Peace has been restored, and we can now both sleep peacefully through the night. And ironically now that the war is over, Cleo seems to be spending most of her nights outside anyway!
Miscellaneous odds and ends…
I guess that’s enough chat from me…
The only other interesting things I can think of are that I recently got a email alert from my dating website, telling me “You have a new message from ‘bendoverbabe'”
Obviously I didn’t bother to read it, but it did leave me feeling frankly quite disgusted with the entire male species.
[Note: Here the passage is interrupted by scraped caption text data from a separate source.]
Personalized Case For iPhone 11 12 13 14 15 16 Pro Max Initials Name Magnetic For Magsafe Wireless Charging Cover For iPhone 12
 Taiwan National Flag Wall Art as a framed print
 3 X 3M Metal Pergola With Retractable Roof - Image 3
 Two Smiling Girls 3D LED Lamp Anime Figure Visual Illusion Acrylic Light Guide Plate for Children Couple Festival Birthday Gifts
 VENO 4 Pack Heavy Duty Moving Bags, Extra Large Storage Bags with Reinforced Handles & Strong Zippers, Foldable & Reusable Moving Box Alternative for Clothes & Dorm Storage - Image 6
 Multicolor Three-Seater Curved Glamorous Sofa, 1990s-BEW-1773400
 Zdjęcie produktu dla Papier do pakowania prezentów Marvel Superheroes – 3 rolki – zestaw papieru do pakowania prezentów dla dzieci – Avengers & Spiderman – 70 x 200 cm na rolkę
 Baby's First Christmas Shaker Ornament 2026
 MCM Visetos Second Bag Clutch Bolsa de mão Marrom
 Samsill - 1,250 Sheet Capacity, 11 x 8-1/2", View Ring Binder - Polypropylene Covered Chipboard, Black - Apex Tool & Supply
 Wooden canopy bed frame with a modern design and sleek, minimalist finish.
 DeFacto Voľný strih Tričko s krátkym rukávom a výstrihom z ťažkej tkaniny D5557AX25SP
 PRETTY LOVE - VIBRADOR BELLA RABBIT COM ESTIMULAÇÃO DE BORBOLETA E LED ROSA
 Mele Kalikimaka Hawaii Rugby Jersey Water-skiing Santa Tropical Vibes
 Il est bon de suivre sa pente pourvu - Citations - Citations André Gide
Also my neighbour had a gas scare recently when her carbon monoxide alarm went off. My first question was “Do you mean your smoke alarm?” (cos I have one of those). She said no, her carbon monoxide alarm had registered a leak in her boiler. This is the first time I’ve ever lived in a house with gas heating (we’ve always had oil heating, and electric cookers) so it had never occurred to me I needed a CO alarm! Anyhow, it also reminded me it was about time I had my boiler serviced, so I went out and bought an alarm, which is now safely installed in my kitchen, and I am proud to say my boiler is officially certified as safe!
In your face carbon monoxide!
No accidental, silent, painless death-while-you-sleep for me!
Ruby, my lovely lodger, is also quite relieved….
Also my annual eye test has confirmed that my degenerative myopia has now reached (negative) double figures, a new personal best which tips me over into a category that the NHS politely refer to as “complex” (no-one like to use the word blind these days…) but the good news is I now qualify for free eye tests! Almost as good as a gold medal!
Guess that’s it from me for now – hope you’re all well – send me your news too!